I don’t know the name of this field of study, or if there is such a field, so I am sending out a call to my fellow math nerds for help. It smacks of combinatorics, permutations, and set/ring theory but I’m coming up empty. Answer the call, fellow pi mu epsilons and others! Ah-oooga! Ah-oooga!

I’ve got a set of arbitrary numbers, say customer account values, and I’m trying to determine if any combination of these accounts, summed up, will arrive at a given number (this given number is not a member of the set of customer numbers, aka this is not a straightforward additive ring problem).

For instance, let’s say I get a report from another group saying we have $139,827.91 in assets for California clients. My exhaustive list of client account values does not list their states, so I am trying to add them up in every permutation to “extract” which clients live in California, and how many clients are in California. I have no information beforehand except the individual account values and the total target value.

Any help? Is the problem P/NP-hard enough that brute force is the only real solution? There are certainly some easy optimizations to a brute force algo, but still.

No, I’ve got about 3800 accounts on report one I’m trying to add up to fit into about 40 categories on report two, and neither of these reports is under my purview so I can’t determine how either sliced up the data.
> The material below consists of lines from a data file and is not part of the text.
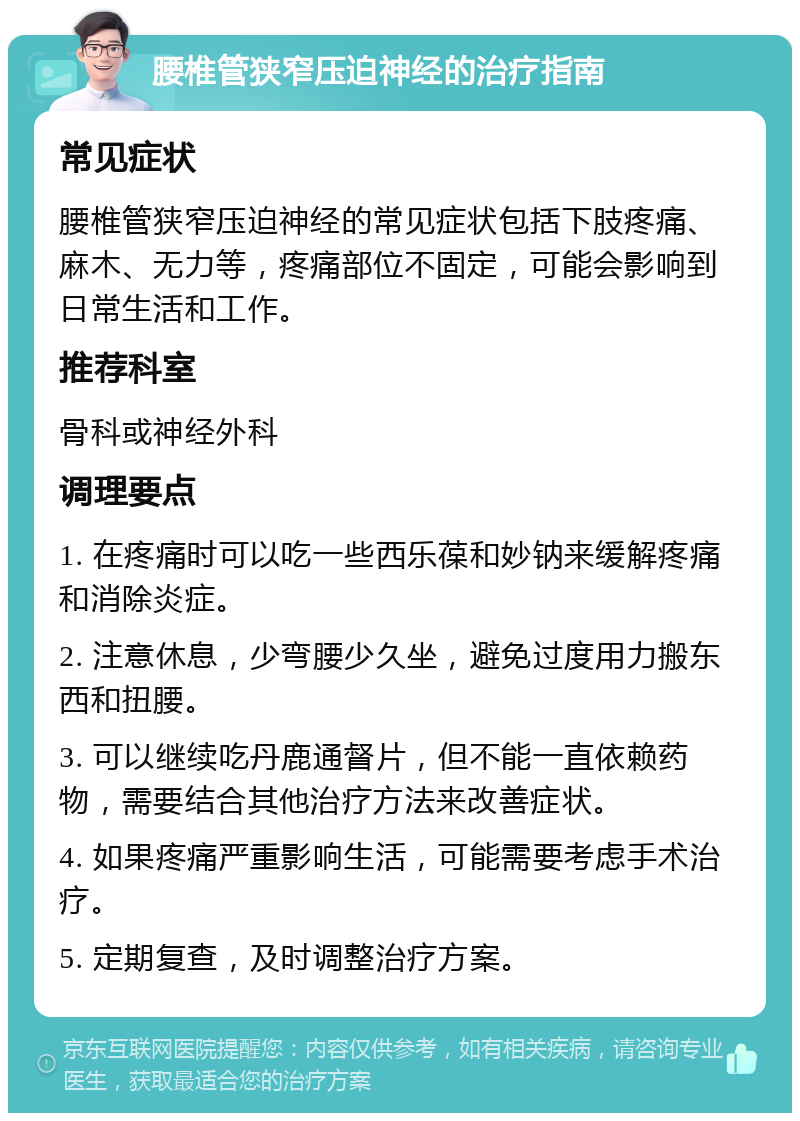 腰椎管狭窄压迫神经的治疗指南 常见症状 腰椎管狭窄压迫神经的常见症状包括下肢疼痛、麻木、无力等，疼痛部位不固定，可能会影响到日常生活和工作。 推荐科室 骨科或神经外科 调理要点 1. 在疼痛时可以吃一些西乐葆和妙钠来缓解疼痛和消除炎症。 2. 注意休息，少弯腰少久坐，避免过度用力搬东西和扭腰。 3. 可以继续吃丹鹿通督片，但不能一直依赖药物，需要结合其他治疗方法来改善症状。 4. 如果疼痛严重影响生活，可能需要考虑手术治疗。 5. 定期复查，及时调整治疗方案。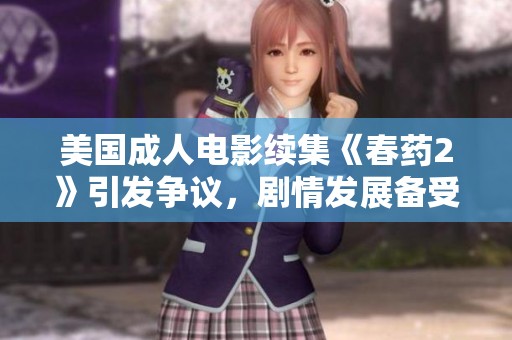 美国成人电影续集《春药2》引发争议，剧情发展备受关注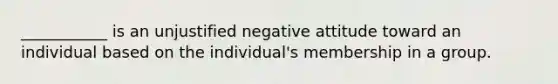 ___________ is an unjustified negative attitude toward an individual based on the individual's membership in a group.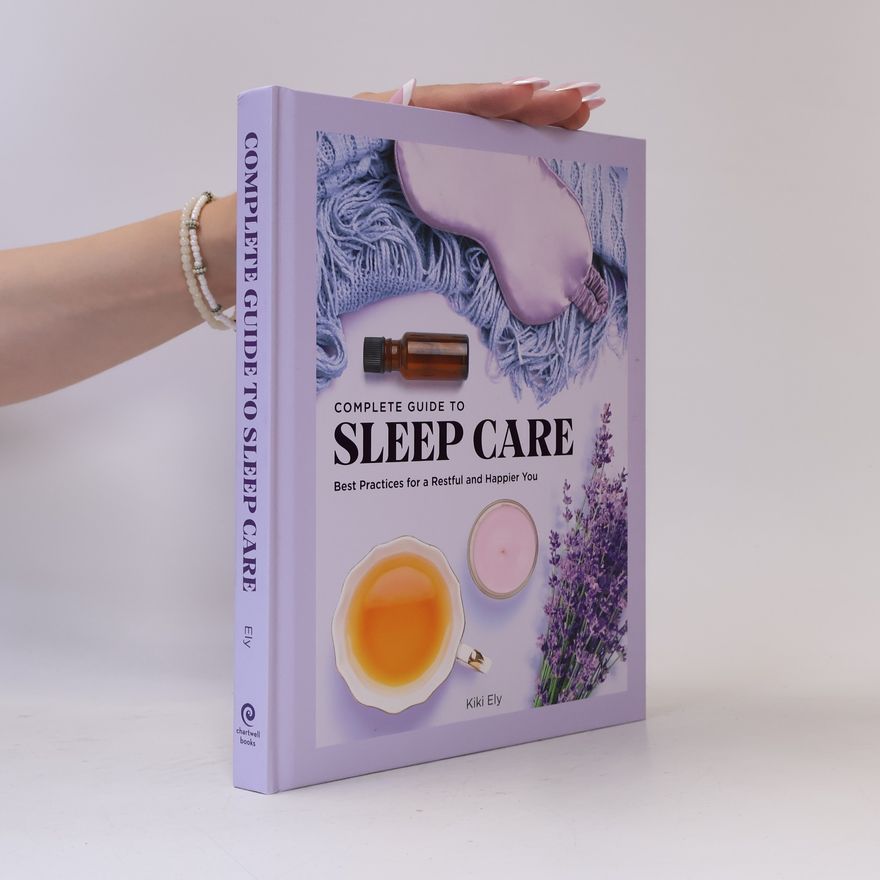 Kiki Ely Everyday Wellbeing - 8: The Complete Guide to Sleep Care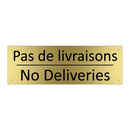 Pas de livraisons - No Deliveries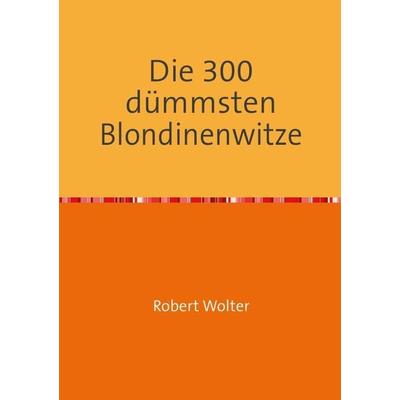 Die 300 dümmsten Blondinenwitze, Taschenbuch von Robert Wolter, Epubli, 978-3-8442-4267-6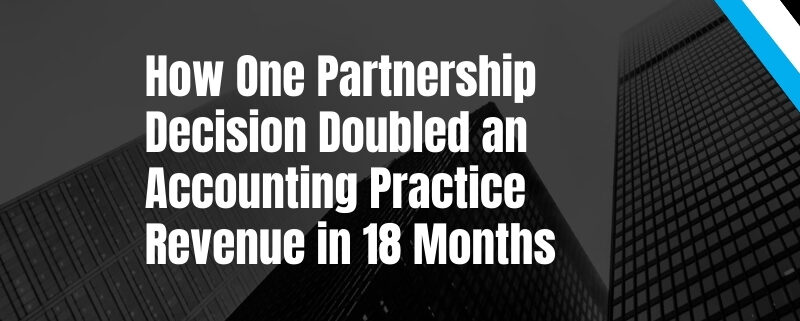 How One Partnership Decision Doubled an Accounting Practice Revenue in 18 Months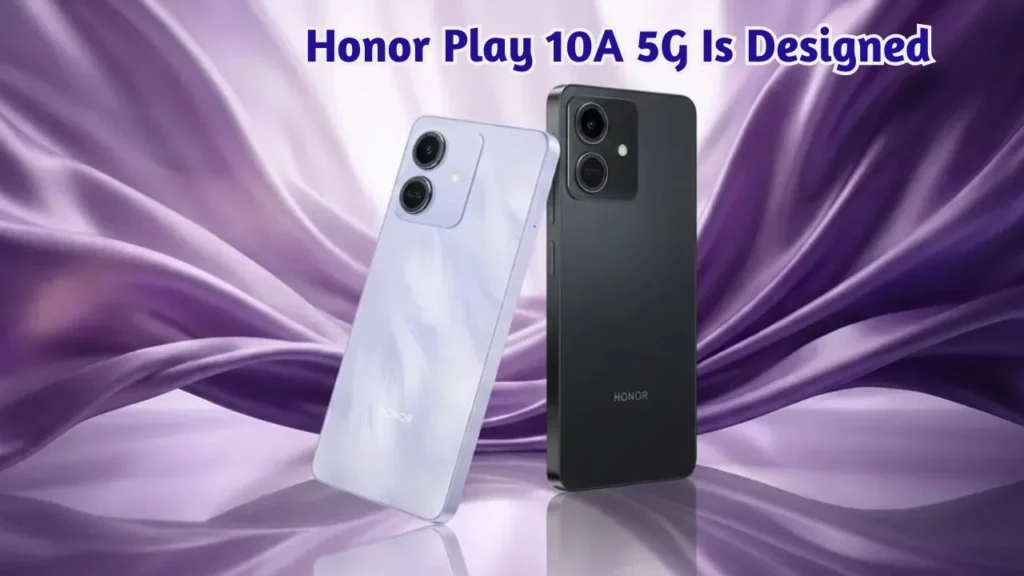 Honor Play 10A 5G Is Designed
Hmm, thanks for the leads guys. Both of those seem to be more in line with best fit or min/max solutions, but I think that will help get me going down the right path. Thanks!

edit to Mike Jamieson: yeah that seems to confirm Talisker’s idea. Thanks.

On a more serious note, you might be able to formulate it as a linear programming problem, then see if there are any feasible integer-only solutions by LP relaxation.

Before worrying about the processing required to come up with these values, you’re aware this problem isn’t perfectly solvable, even beyond the NP-hard issue, right? Unless the 3800 numbers are extremely divergent on the scale of orders of magnitude, which I’m guessing they are not, you’re very likely to have many possible combinations that MIGHT be the ones that make up each of the 40 totals.

Mike Jamieson: Thanks for the further insight. I think I will get away with the {0,1} set however, since the Knapsack problem with {0,1} and all values > 0 can be solved in pseudo-polynomial time. Fortunately I don’t need to generalize this problem at all for future use, I’m working with a specifically defined set of unique accounts that are non-negative. :)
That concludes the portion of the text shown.